#### [What you need to do]
Go through the records and report each line holding the string "image".

(Crawled caption data)
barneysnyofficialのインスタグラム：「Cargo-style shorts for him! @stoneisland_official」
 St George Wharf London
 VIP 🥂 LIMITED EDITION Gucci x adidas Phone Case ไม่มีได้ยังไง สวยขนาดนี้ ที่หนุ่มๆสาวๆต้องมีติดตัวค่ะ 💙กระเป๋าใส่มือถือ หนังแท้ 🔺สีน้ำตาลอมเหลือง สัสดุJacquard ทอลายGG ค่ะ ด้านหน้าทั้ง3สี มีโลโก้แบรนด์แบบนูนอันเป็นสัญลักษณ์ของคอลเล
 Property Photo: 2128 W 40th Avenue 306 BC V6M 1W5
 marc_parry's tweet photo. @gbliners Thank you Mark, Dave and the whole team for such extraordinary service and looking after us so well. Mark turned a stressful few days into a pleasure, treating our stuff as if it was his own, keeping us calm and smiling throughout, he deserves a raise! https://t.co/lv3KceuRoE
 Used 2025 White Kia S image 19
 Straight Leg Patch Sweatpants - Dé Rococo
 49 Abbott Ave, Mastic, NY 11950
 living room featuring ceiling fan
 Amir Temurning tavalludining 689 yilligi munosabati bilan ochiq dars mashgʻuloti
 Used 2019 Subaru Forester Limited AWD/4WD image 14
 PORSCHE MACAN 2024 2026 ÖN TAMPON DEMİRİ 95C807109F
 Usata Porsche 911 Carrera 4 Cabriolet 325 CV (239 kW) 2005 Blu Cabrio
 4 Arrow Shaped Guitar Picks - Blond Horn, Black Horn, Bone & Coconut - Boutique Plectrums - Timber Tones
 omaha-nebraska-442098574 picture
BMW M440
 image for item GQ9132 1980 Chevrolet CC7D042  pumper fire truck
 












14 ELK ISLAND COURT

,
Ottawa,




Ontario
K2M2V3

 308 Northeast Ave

#### [Solution to this task]
 Used 2025 White Kia S image 19
 Used 2019 Subaru Forester Limited AWD/4WD image 14
 image for item GQ9132 1980 Chevrolet CC7D042  pumper fire truck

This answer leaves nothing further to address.